1940 – Schmidgall Sand and Gravel
In 1940 Henry’s son Wayne acquired the aggregate production division of Hancock Concrete, forming his own business Schmidgall Sand and Gravel. Wayne’s new business would eventually serve as the catalyst for his son Neil’s passion for aggregate machinery.
Neil started working for his father after graduating from the University of Minnesota in 1963. He developed a skill for building and repairing the portable plants and conveyors used to produce his father’s sand and gravel supply.
Neil’s ability attracted a large number of local customers, which gave him the means to develop the family business further by starting the Superior Machinery Company in Morris, Minnesota.
superior Machinery Company – early start
Superior started out simply by building and repairing conveyors, but soon ventured further into the aggregate manufacturing market. In 1974 Superior made a deal with Ersham Manufacturing Enterprise of Kansas, acquiring their conveyor idler inventory, presses and tooling.
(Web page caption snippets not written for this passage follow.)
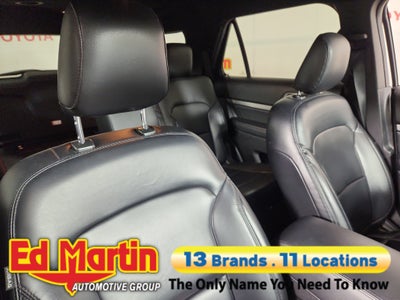 2019 Ford Explorer XLT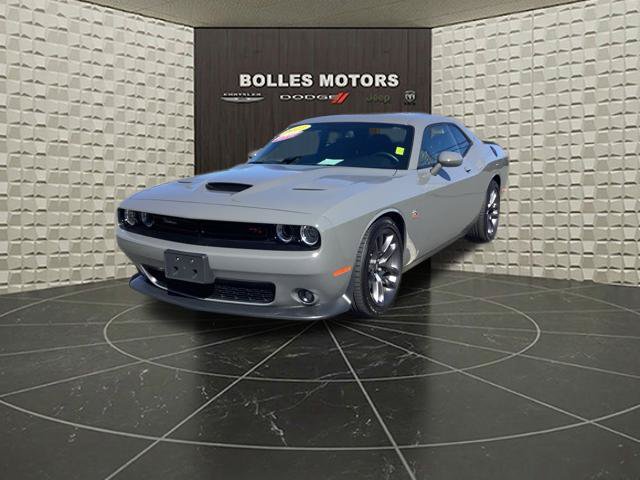 Certified 2023 Dodge Challenger R/T Scat Pack RWD image 15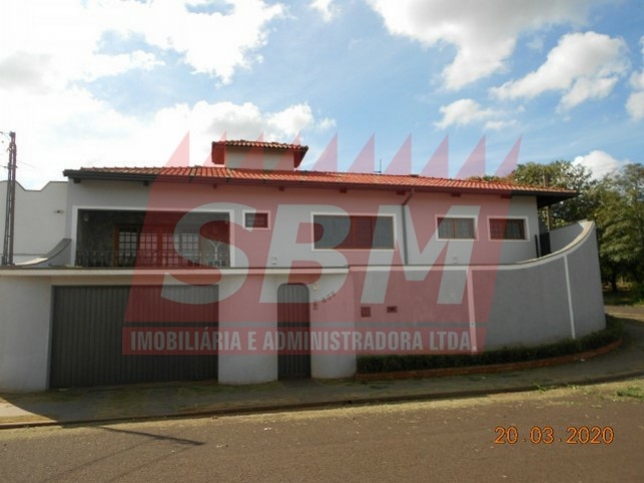 Casa À Venda Jardim Das Orquídeas Barra Bonita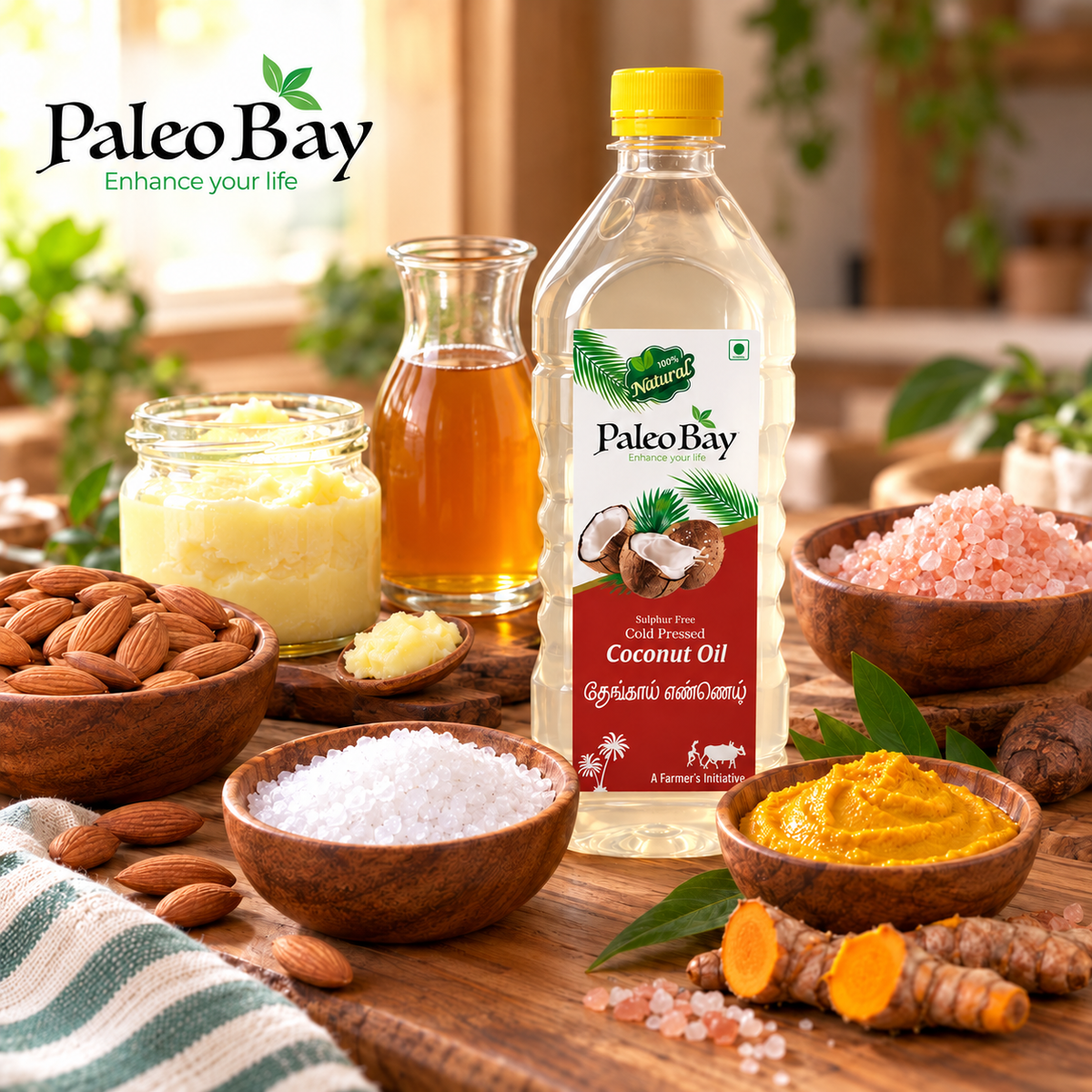 Monthly Paleo Combo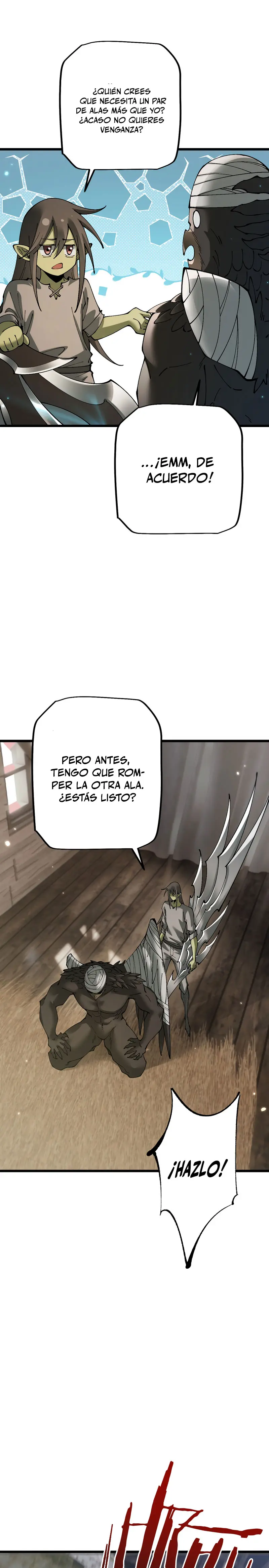 De Duende a Dios Goblin Capítulo 83 - Page 8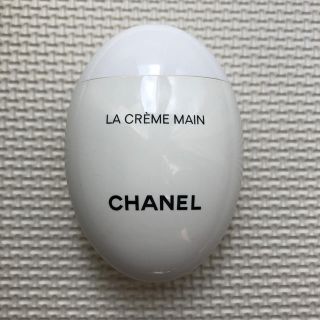 シャネル(CHANEL)の【T.N様専用】CHANEL ラ クレーム マン 残量多(ハンドクリーム)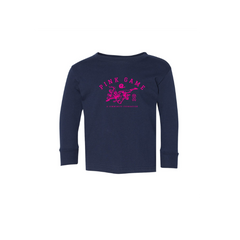 Toddler Fine Jersey Long Sleeve Tee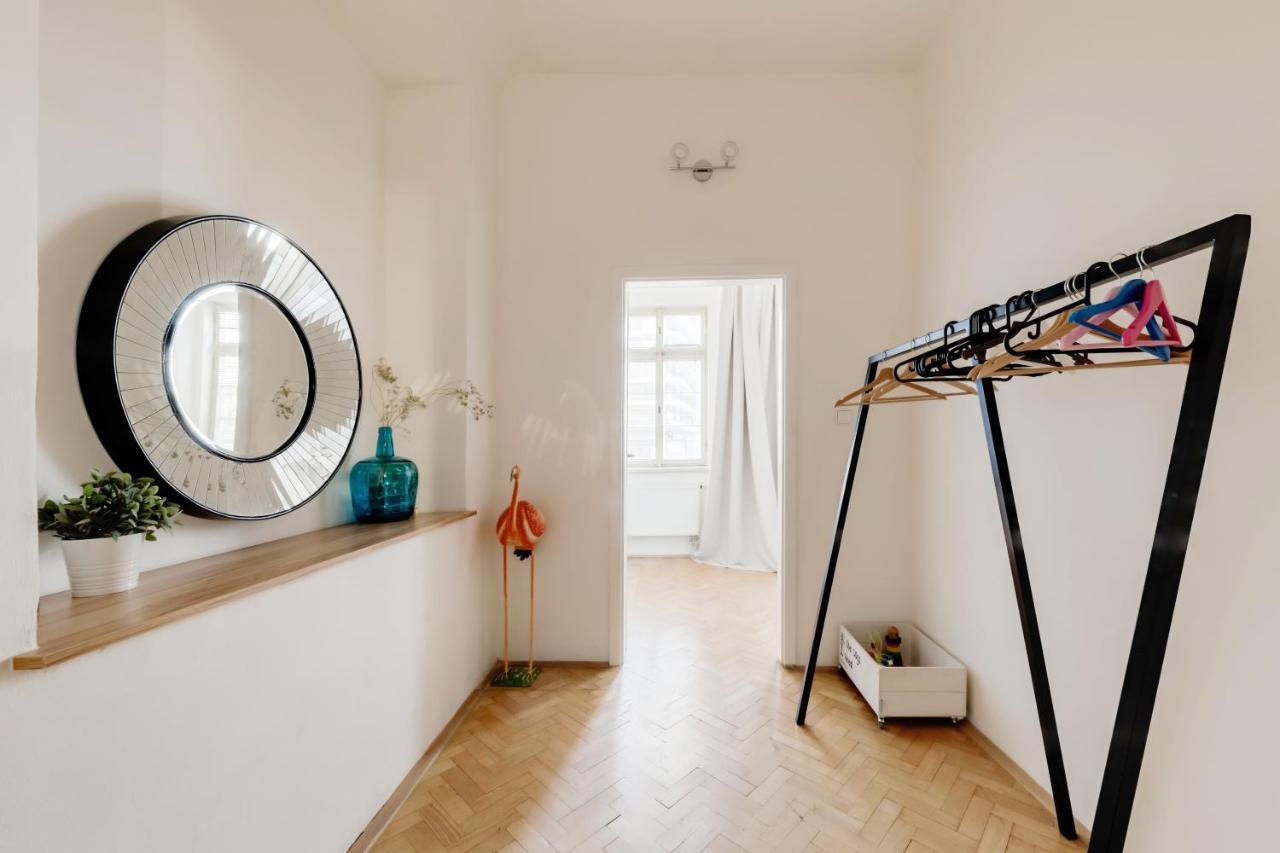 Curiosity Apartments Prague Exterior photo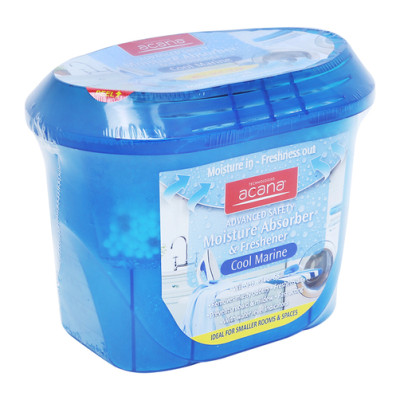 Combo 2 Hộp hút ẩm khử mùi chống mốc Acana Hàn Quốc 290Gr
Manufacturing both conveying systems and their accompanying accessories, a rare business model still to this day, proved to be a great strategy for growth.
culture of opportunity
Neil worked hard in the formative years of Superior to develop a culture of opportunity and advancement for his employees. Current CEO Bob Domnick states, “Some people tend to be smothering, always on top of people. Neil tends to give people guidance and help them along, but at the end, he gives them enough freedom to be innovative.”
Neil’s belief that hard work leads to a life of accomplishment and deep satisfaction was handed down to him from his father and grandfather. He was able to instill those same beliefs in his employees.
The culture of opportunity that Neil fostered at Superior has helped to sustain the small, rural community in Morris. He says, “Our employees are constantly encouraged to practice high integrity and they are reaping the benefits of maintaining long-term relationships.”
the first Telestacker conveyor
The freedom and leadership that Neil provided to his employees prepared Superior to become an industry leader. In 1997 Neil encouraged two ambitious engineers at Superior to develop a new telescoping radial stacking conveyor.
Their following research and design resulted in the production of the TeleStacker® Conveyor, Superior’s signature product that expanded its customer base to six continents.
full circle only decades later
As Superior has led the industry in new conveyor technology during the 2000s, its operations have expanded considerably. Superior has acquired new businesses all across the U.S., Canada, and Brazil. The company now employs over 1,700 people.
In 2008 Superior acquired Westmor Industries, LLC, a neighbor in Morris, Minnesota, and the community’s second largest manufacturer. In 2010 Superior’s legacy came full circle when the company acquired Hancock Concrete.
In 2015 Neil was inducted into the Pit & Quarry Hall of Fame. He was recognized for his contributions to the aggregate and mining industries and for the company that he founded and grew.
Today, Superior Industries operates on the foundation that Neil set: building innovation that creates opportunity for each other, our communities, and our investors.